The few hotlines sprinkled throughout the nation were hopeful that the services they provided, especially in terms of behavioral health, had finally been given a place of prominence within the fabric of American agriculture when language in the 2008 Farm Bill established a national program. Yet, during the appropriations process following passage of the Farm Bill, Congress failed to provide any funding for the new program it had created.
The Kansas program, which is one of seven in the Midwest under the umbrella of Iowa-based AgriWellness, offers a statewide hotline staffed by individuals who have specific experience and/or training to help rural residents and agricultural producers through a wide-array of stressful situations. Callers, according to Griffin, are often people who have been successfully treading water until one event or incident results in a breakdown of their ability to continue. No matter what caused the upheaval, however, hotline staff members work to connect the callers to resources that they need.
“It is important to understand that behavioral health problems for people in agriculture come wrapped up with other life problems,” Griffin explained. “Most of the time those are financial programs — not always, but much of the time. In many cases there is an agricultural operation that is struggling, and people trying to figure out how to manage debt loads, loan payments or medical expenses. That is a very typical call for us.”
Hotline staff members, unlike emergency response teams that arrive following disasters, are available 24 hours a day, every day of the year. Many have built personal and trusting relationships with the rural communities and residents they serve.
“That’s a key thing,” said Fran Lyon-Dugin, director of finance and business development at the Minnesota-based Crisis Connection. “In rural America, it is all about relationships — who you know and who you feel comfortable with and who you trust. There is already such a big stigma around mental illness. So, taking away the people that have forged these relationships can be really devastating. When the network or hotline goes away, so do the faces and voices that you trust.”
What compounds the problem is that the hotlines are experiencing increased activity for a wide variety of reasons ranging from low milk prices being paid to dairy producers to colder-than-expected weather conditions that may require crop farmers to replant.
“We received about 10,000 calls per year — and about 20 percent of those were suicide-related,” said Susan Helgeland, executive director of Mental Health Association in North Dakota. “Another important thing, at least in North Dakota, is that we are servicing members of the military who are returning to rural areas from Afghanistan and Iraq. There is a national hotline through the Veterans’ Department, but our number, 2-1-1, is much easier to remember in a time of crisis, and our workers were specifically trained to hone in on the unique needs of rural populations.”
The North Dakota hotline, which has been in existence since 1969, nearly became the first victim of the funding crisis. Helgeland’s agency could no longer afford to operate it and was considering closing it. Another agency, First Link, which had been serving a much smaller area, agreed to keep the statewide hotline active — but there are no guarantees past 2010, unless the agency can obtain sustainable funding.

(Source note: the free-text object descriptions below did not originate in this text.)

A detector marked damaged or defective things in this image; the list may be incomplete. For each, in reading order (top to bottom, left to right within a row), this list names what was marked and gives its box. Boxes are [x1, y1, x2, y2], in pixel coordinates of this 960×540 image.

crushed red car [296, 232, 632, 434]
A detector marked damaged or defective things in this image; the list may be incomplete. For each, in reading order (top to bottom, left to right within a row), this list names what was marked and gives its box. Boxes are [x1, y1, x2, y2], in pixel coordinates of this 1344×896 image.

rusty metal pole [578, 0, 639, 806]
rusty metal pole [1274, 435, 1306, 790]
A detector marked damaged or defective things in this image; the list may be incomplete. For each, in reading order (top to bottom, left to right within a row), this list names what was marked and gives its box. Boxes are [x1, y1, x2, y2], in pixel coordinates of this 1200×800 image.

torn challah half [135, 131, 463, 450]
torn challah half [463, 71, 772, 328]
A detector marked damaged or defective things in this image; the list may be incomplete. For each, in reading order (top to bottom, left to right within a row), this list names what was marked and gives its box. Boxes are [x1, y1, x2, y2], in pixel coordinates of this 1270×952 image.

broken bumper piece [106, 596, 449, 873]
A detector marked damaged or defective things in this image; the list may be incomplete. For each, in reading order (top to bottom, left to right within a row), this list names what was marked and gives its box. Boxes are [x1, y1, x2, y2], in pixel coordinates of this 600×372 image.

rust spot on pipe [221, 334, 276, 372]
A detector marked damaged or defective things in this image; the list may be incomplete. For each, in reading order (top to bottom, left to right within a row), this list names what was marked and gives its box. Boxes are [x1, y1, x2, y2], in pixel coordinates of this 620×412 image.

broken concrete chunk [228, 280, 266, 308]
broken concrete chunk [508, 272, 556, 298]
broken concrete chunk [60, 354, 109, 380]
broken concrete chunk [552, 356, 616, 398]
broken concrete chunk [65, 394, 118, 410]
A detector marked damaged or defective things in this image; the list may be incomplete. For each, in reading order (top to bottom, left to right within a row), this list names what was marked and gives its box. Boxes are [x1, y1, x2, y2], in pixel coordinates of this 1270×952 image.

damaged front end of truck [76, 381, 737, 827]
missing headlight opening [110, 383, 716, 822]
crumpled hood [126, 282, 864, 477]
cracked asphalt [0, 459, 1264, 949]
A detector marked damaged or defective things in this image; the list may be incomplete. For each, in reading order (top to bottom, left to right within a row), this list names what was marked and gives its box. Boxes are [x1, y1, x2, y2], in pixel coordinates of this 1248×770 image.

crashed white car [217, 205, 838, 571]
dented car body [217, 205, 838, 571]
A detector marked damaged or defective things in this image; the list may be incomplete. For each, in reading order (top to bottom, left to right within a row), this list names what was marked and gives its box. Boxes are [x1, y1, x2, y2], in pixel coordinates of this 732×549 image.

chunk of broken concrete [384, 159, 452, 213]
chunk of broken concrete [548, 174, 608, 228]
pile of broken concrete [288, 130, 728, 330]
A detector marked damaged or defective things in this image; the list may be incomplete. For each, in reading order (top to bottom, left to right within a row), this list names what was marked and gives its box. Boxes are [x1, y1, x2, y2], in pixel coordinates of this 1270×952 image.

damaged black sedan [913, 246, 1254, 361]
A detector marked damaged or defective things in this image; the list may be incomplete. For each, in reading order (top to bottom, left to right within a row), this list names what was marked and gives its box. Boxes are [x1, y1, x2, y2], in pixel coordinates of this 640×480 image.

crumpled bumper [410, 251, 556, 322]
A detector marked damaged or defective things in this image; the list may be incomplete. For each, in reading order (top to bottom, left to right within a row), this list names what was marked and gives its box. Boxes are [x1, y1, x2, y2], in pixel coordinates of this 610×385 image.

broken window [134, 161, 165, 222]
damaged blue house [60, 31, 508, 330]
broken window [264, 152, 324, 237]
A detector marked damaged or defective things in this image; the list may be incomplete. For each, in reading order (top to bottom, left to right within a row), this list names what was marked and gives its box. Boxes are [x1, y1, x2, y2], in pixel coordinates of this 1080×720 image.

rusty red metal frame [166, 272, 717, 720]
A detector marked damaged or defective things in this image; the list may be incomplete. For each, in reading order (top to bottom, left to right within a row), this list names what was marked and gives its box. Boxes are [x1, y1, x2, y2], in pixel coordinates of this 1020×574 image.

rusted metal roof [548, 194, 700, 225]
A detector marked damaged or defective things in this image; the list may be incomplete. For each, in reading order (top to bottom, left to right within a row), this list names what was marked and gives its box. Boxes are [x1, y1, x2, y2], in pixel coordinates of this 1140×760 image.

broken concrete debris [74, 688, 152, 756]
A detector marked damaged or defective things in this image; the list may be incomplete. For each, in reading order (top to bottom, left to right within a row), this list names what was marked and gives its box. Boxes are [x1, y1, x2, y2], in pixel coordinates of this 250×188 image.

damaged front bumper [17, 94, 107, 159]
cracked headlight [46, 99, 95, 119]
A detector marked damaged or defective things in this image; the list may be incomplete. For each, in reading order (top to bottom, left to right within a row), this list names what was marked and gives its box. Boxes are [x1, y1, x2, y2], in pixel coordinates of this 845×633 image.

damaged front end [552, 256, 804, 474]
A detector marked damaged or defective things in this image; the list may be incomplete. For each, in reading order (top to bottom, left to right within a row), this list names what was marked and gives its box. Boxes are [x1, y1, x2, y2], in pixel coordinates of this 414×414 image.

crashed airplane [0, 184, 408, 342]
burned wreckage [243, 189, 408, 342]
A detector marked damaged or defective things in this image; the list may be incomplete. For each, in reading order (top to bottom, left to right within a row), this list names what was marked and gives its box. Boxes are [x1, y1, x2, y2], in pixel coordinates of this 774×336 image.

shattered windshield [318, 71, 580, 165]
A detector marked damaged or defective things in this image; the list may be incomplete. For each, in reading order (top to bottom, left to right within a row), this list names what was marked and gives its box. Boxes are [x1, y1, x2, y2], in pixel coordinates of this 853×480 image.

Barring a funding miracle, it now appears extremely likely that the Kansas program will be the first to close its doors. Griffin reports that the hotline currently receives between two and four calls each day. How rural Kansas residents will connect with resources if that happens remains to be seen.
“We often get calls from people who say, ‘I just don’t know where to turn.’ We help them search — with a lot of knowledge and experience about how to target that search — for the resources they most need that day,” Griffin explained. “Some people can do that type of searching on their own, but others aren’t too good at it. Often, in the midst of a crisis, thinking isn’t as clear and time is limited. Also, I don’t know many groups that work with the type of broad understanding of agricultural needs and agricultural resources that we’ve developed here over the years.”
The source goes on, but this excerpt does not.